You may be surprised to discover how politically unsophisticated the average employee, the average executive, the average American, can be. In one survey, seventy-eight percent of college freshmen could not state the names of the US senators from their state. The problem is this: People cannot lobby someone whose name they do not know. Even if they do know that legislator well, they cannot lobby the legislator effectively if they do not know the facts about the issue under consideration or if they are politically unprepared.

It is of little value to conduct training courses for potential grassroots team members if they lack enthusiasm or motivation for the effort. You may need to resort to a variety of strategies to be sure your troops are primed for battle.

It's not enough, of course, that employees merely possess materials about grassroots procedures and issues. You've got to create situations in which they apply the information to good use. This can be done in mock tests in which participants answer questions on how specific situations should be handled.

V. A Professional Commitment to Grassroots is Not Enough

A professional commitment is essential, but it's not enough. There has to be a solid, personal commitment as well. There are times when the troops are going to have to be mobilized for after-hours work. But many of them will go on sick call unless there is a personal commitment, a visceral commitment to the cause. They've got to know that they have a personal stake in the success of the operation — that what they do is important not only to the company or organization but to their own well-being through increased stature in the eyes of their peers, through recognition within the community, through a bonus or a boost in salary, or through service to the community.

VI. "The Appearance of Power is Power"

This phrase by Thomas Hobbes, the English philosopher, is true because the most powerful weapons are the undetonated ones. If those you want to influence assume you have power they will pay attention to you. So build coalitions. They give not only the appearance of power, but the substance of power.

But remember the corollary: The appearance of weakness is weakness. When legislators sense you are weak, they will trade you off in favor of a coalition they believe to be stronger.

VII. Use a Variety of Grassroots Techniques

A survey of members of Congress asked: "How many letters do you have to receive before you will consider assigning a staff member to work on a problem?" The average answer? Seven. Not 70. Not 700. Not 7,000. Seven. Why? Because those seven constituents could be the tip of the iceberg. No legislator wants to be caught by surprise if a problem is developing. If he or she feels the letters are the products of a routine campaign, or if there is a sense that the matter is of little consequence, it will be dropped. But if the sense is that the problem is one that is going to become increasingly important, attention will be paid.

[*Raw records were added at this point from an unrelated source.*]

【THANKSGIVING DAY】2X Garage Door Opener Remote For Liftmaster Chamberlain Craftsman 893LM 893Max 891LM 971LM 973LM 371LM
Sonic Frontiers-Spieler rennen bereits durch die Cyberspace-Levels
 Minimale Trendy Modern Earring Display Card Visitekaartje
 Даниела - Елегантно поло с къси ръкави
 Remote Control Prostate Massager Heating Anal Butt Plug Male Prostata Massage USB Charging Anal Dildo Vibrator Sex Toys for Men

VIII. Don't Ask for More Than You Need

Some companies or organizations expect to win every time with a grand-slam home run. They want a 100 percent victory every time. That strategy will lead directly to disappointment. You have to educate your people to understand that those on the other side of an issue also have to come away from the table with something. The results of a shared victory, a fair compromise, may last far longer than a 100 percent win.

IX. Remember the Rules of Access

Except in rare cases, do not try to go directly to the member of Congress or the state legislature. You don't need to. Your first goal should be to get to the lawmaker's senior staff person at the local level. Second, you want to speak with the staff person who knows the issue, the technical staff person. Your third goal should be to get to the political staff person who is closest to the elected member. Indeed, it may not be necessary to get to the member at all. You may already have accomplished your objective by meeting with the behind-the-scenes people who are essential for the passage of legislation.